O acordo da Vale está paralisado – e isso diz muito sobre os interesses escusos na máquina pública

June 29, 2021

Em fevereiro de 2021, o Estado de Minas Gerais e a Vale S/A firmaram um acordo histórico, com a mediação do Poder Judiciário do Estado de Minas Gerais. Trata-se do maior acordo de fixação de compensação e reparação socioambiental da história do Brasil, somando um total de R$ 37,7 bilhões, com vistas à reparação dos danos causados a todo o Estado de Minas Gerais em razão do rompimento da barragem da mina Córrego do Feijão, em Brumadinho, ocorrida em 25 de janeiro de 2019.

Para que o acordo seja cumprido pelas partes, é preciso ter segurança jurídica. Para isso, o Poder Executivo do Estado apresentou, na Assembleia Legislativa de Minas Gerais, um Projeto de Lei, de no 2.508/2021, em 02 de março de 2021. Esse projeto abre crédito suplementar, em favor do Estado, no valor de R$ 11 bilhões, sendo que os demais valores serão executados diretamente pela Vale, mas também dependem da aprovação do Projeto de Lei para serem aplicados.

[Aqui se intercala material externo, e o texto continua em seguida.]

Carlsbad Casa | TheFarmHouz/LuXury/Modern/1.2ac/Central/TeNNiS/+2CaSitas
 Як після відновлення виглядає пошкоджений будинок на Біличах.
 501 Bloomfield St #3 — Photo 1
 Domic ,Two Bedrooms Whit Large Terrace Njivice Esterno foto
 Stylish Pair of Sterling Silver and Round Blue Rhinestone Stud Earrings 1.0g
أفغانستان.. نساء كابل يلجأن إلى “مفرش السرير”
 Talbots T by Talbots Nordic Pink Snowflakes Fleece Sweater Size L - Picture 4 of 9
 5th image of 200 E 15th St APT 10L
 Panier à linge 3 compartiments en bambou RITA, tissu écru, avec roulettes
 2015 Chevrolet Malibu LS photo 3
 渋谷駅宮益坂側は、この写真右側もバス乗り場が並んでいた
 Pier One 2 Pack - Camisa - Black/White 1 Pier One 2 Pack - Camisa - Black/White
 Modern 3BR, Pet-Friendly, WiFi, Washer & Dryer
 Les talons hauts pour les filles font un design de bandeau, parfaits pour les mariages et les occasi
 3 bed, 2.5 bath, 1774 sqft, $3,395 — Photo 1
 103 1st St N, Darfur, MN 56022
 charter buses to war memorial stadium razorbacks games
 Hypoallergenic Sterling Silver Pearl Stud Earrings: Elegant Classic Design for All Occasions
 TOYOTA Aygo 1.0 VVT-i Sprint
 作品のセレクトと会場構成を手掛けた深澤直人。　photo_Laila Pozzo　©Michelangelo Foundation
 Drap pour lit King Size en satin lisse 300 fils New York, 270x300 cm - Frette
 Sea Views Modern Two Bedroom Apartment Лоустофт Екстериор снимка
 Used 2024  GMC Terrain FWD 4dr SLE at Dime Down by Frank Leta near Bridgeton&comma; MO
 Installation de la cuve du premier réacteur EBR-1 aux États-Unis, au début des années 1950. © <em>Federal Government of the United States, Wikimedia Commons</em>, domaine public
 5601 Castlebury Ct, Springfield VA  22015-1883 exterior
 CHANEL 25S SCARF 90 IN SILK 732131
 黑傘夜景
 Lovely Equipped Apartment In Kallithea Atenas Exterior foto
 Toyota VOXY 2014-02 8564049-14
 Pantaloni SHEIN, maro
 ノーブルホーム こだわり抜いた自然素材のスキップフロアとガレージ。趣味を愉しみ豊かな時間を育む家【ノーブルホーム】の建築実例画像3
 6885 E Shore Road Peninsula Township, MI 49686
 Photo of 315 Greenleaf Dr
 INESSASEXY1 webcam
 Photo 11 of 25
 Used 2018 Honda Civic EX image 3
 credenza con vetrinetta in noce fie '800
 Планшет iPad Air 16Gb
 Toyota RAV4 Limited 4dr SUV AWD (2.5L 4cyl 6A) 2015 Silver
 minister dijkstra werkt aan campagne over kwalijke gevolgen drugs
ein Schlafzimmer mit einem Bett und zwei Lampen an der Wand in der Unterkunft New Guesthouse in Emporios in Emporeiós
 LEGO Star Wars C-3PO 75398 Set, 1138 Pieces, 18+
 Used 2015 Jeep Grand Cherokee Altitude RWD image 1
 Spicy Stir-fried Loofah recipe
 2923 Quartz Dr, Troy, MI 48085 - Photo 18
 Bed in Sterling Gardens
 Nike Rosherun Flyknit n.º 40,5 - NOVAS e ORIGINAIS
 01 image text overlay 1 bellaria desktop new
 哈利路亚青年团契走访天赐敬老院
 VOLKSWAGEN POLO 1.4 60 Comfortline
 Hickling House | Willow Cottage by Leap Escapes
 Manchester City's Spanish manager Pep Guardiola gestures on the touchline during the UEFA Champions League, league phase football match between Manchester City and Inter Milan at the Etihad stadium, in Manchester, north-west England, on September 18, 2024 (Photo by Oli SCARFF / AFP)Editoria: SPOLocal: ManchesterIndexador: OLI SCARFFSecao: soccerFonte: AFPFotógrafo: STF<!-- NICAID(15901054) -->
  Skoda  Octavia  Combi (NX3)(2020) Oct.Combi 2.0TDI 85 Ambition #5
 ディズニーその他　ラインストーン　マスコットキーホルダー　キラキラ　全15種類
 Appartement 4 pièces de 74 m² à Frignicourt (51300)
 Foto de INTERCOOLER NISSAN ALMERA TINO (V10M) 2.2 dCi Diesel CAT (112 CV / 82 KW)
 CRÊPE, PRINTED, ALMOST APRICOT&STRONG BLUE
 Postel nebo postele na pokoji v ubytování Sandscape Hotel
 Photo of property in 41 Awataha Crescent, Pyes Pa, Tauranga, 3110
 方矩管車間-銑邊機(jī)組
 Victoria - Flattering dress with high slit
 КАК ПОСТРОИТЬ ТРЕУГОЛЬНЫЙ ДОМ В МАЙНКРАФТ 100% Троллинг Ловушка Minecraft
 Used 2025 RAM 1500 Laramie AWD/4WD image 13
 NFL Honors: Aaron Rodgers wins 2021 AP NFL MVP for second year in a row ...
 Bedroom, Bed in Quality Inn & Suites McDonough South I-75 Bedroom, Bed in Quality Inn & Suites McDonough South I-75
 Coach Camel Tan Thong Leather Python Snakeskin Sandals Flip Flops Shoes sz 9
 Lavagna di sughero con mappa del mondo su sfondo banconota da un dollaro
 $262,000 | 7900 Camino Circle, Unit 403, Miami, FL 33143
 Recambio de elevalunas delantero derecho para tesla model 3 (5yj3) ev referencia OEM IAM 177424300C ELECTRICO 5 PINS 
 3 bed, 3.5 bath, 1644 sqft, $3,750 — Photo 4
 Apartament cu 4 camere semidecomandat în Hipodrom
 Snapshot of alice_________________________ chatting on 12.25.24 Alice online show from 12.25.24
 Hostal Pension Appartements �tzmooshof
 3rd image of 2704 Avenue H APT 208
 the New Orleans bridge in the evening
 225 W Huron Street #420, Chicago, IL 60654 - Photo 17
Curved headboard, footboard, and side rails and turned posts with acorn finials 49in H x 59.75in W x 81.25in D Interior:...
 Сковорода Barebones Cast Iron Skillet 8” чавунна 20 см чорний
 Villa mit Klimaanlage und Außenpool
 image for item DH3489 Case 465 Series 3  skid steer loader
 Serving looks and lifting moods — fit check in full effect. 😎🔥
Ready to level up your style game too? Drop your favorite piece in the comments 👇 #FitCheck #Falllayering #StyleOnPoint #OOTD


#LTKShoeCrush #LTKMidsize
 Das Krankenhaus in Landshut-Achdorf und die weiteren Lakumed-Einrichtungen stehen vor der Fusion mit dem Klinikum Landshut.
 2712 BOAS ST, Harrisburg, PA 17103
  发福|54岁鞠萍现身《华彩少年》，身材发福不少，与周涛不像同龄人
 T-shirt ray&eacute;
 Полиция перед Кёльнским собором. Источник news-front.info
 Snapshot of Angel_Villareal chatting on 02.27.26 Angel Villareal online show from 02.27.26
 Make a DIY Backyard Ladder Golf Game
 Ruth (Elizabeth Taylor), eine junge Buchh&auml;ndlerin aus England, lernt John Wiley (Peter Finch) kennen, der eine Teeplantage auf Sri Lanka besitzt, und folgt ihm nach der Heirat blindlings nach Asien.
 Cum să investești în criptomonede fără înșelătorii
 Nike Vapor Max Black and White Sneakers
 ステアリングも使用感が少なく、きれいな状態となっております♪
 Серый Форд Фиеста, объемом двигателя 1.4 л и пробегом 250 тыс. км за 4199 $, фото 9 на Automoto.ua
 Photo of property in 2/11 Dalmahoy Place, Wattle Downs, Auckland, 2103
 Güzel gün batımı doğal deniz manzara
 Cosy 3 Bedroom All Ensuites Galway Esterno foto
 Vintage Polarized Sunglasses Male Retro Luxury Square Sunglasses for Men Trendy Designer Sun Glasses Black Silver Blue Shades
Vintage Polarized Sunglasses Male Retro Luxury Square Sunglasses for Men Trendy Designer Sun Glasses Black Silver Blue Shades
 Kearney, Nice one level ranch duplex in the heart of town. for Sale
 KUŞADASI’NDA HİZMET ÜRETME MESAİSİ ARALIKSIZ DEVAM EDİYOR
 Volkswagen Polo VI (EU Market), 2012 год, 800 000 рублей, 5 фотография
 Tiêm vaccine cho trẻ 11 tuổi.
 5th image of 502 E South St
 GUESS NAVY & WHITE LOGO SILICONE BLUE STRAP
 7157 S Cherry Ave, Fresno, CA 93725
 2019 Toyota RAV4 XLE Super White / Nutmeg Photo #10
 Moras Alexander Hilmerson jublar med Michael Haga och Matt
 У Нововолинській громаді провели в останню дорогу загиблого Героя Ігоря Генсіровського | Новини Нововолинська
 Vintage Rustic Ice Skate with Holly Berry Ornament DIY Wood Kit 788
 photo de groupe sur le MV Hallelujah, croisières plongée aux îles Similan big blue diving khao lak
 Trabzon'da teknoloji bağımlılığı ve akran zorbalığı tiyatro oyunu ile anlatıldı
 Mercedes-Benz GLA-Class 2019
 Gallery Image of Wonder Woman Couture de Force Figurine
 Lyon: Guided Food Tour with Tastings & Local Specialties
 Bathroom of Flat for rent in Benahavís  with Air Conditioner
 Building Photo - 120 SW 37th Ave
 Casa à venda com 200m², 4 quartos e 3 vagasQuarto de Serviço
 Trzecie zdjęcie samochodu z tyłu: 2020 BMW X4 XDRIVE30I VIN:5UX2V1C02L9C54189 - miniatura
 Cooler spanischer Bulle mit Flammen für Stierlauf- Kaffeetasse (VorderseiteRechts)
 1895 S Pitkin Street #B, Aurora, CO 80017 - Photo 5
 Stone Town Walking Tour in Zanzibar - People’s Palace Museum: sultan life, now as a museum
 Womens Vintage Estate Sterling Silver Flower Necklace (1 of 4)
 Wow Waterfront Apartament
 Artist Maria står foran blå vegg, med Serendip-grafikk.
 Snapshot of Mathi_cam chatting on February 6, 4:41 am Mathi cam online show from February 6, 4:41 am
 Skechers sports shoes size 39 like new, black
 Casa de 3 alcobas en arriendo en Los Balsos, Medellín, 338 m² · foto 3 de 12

A parte mais difícil – negociar o acordo entre as partes, em termos que podem ser cumpridos pela empresa e que atendam aos extensos danos causados a toda Minas Gerais – já foi feita. Só é necessário obter o aval do Poder Legislativo para que o Estado possa cumprir a palavra já empenhada. E, infelizmente, nisso não houve qualquer avanço desde então.

Desde março de 2021, o projeto de lei do Acordo não avançou em nada na Assembleia Legislativa do Estado de Minas Gerais. Ele dependeria de apreciação apenas em dois colegiados: na Comissão de Fiscalização Financeira e Orçamentária, e no Plenário da Assembleia. Ontem, 21 de junho, depois de muitos atrasos e de muitas idas e vindas, o projeto de lei estava para ser votado na primeira Comissão, e parecia destinado a ir a Plenário. Só que, de última hora, não houve a votação.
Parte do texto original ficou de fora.